4. Construct a Bad case

Because MySQL uses index statistics for Cost Estimation in association conditions, it is easy to make incorrect judgments when data distribution is uneven. Let's simply construct the following case:

The table and index structure remain unchanged, and the data is constructed as follows:

for i in `seq 1 10000` ; do mysql -uroot test -e 'insert into department values (600000*rand(),repeat(char(65+rand()*58),rand()*20))'; donefor i in `seq 1 10000` ; do mysql -uroot test -e 'insert into employee values (repeat(char(65+rand()*58),rand()*20),600000*rand())'; donefor i in `seq 1 1` ; do mysql -uroot test -e 'insert into employee values ("zhou",27760)'; donefor i in `seq 1 10` ; do mysql -uroot test -e 'insert into department values (27760,"TBX")'; donefor i in `seq 1 1000` ; do mysql -uroot test -e 'insert into department values (27760,repeat(char(65+rand()*58),rand()*20))';done

explain select * from   employee as A,department as B where       A.LastName = 'zhou'   and B.DepartmentID = A.DepartmentID   and B.DepartmentName = 'TBX';+----+-------------+-------+------+-----------------+---------+---------+---------------------+------+-------------+| id | select_type | table | type | possible_keys   | key     | key_len | ref                 | rows | Extra       |+----+-------------+-------+------+-----------------+---------+---------+---------------------+------+-------------+|  1 | SIMPLE      | A     | ref  | IND_L_D,IND_DID | IND_L_D | 43      | const               |    1 | Using where ||  1 | SIMPLE      | B     | ref  | IND_D,IND_DN    | IND_D   | 5       | test.A.DepartmentID |    1 | Using where |+----+-------------+-------+------+-----------------+---------+---------+---------------------+------+-------------+

As you can see, the MySQL Execution Plan uses the index IND_D for the table department.
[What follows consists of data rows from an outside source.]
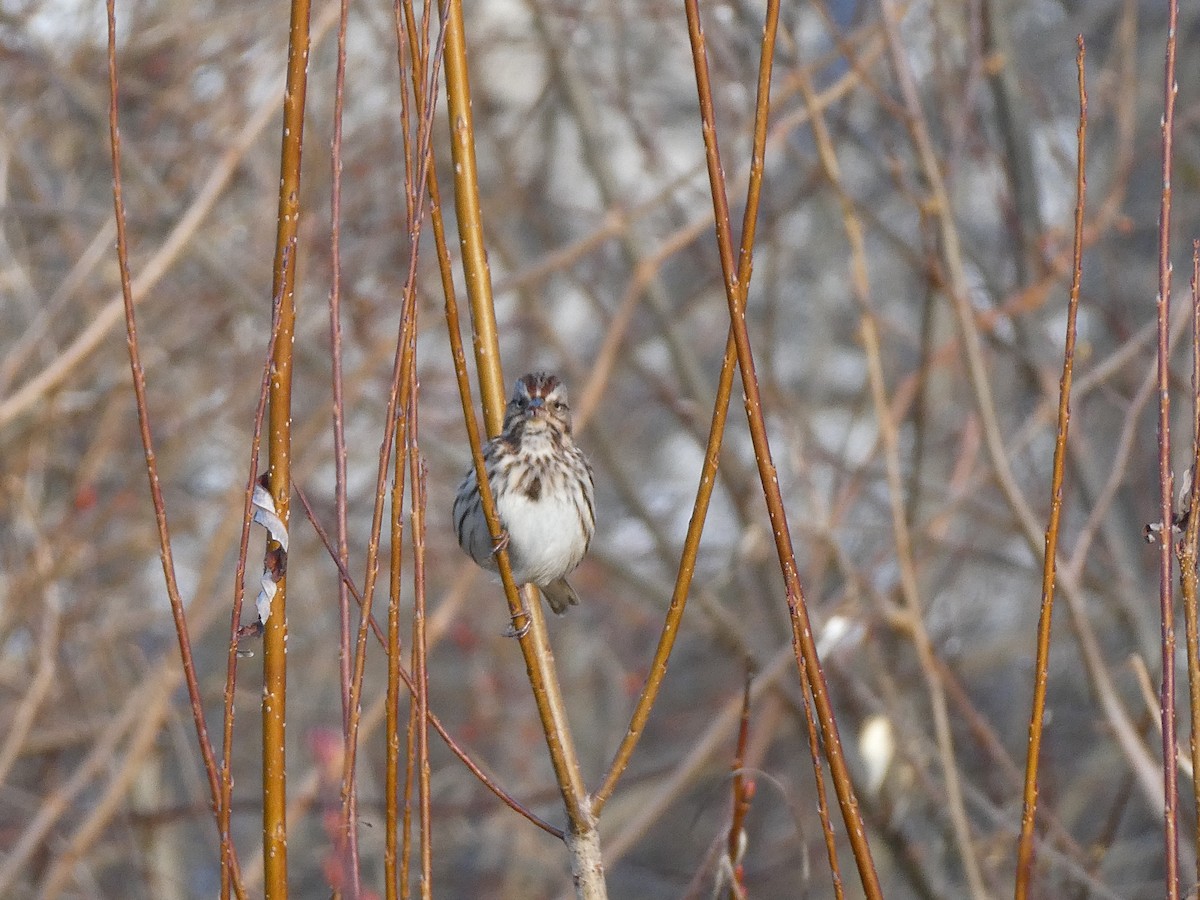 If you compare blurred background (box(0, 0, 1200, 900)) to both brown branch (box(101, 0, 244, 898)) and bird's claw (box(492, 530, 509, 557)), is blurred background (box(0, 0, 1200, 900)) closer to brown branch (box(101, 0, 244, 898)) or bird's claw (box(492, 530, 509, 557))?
bird's claw (box(492, 530, 509, 557))

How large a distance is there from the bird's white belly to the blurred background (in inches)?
23.4

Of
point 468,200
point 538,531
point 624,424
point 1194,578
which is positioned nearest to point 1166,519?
point 1194,578

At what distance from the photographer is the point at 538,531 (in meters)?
3.22

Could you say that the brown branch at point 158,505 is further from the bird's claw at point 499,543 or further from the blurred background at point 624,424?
the blurred background at point 624,424

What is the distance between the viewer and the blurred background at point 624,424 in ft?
14.9

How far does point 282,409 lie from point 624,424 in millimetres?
7301

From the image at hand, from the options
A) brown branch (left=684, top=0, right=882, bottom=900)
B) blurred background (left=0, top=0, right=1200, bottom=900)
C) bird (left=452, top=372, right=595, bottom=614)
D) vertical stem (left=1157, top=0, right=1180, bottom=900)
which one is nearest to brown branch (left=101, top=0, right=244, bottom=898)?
brown branch (left=684, top=0, right=882, bottom=900)

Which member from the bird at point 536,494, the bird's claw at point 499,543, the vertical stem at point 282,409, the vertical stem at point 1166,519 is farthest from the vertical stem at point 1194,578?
the bird at point 536,494

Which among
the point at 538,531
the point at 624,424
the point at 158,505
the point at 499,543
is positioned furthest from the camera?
the point at 624,424

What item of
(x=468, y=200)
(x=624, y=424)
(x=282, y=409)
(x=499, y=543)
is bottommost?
(x=282, y=409)

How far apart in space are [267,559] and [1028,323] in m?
3.44

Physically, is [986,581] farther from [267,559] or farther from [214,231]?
[267,559]

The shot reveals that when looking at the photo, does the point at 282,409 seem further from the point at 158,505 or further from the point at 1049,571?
the point at 1049,571

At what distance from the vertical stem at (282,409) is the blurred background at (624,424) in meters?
0.67
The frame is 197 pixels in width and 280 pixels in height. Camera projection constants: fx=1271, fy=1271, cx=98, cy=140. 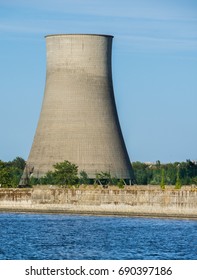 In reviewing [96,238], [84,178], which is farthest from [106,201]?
[96,238]

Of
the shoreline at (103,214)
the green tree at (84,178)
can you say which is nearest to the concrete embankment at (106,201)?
the shoreline at (103,214)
Therefore, Table A hits A record (zhou, 27760). According to B. when mentid = 27760, 1010 records are returned, and then filtered Based on the condition DepartmentName = 'tbx.

Here we can see that if index IND_DN is selected for table B, the effect is better, because DepartmentName = 'tbx' only returns 10 records, and then filters out the results based on Condition A. Dimension mentid = B. Dimension mentid.

In this case, because the data volume is small, the performance is not much different, but if the data in the production environment is tens of millions or hundreds of millions of data, the performance will be very bad. A simple Hint can solve this problem.

Original article address: Case study: how to select the index and JOIN sequence of the MySQL optimizer, thanks to the original author for sharing.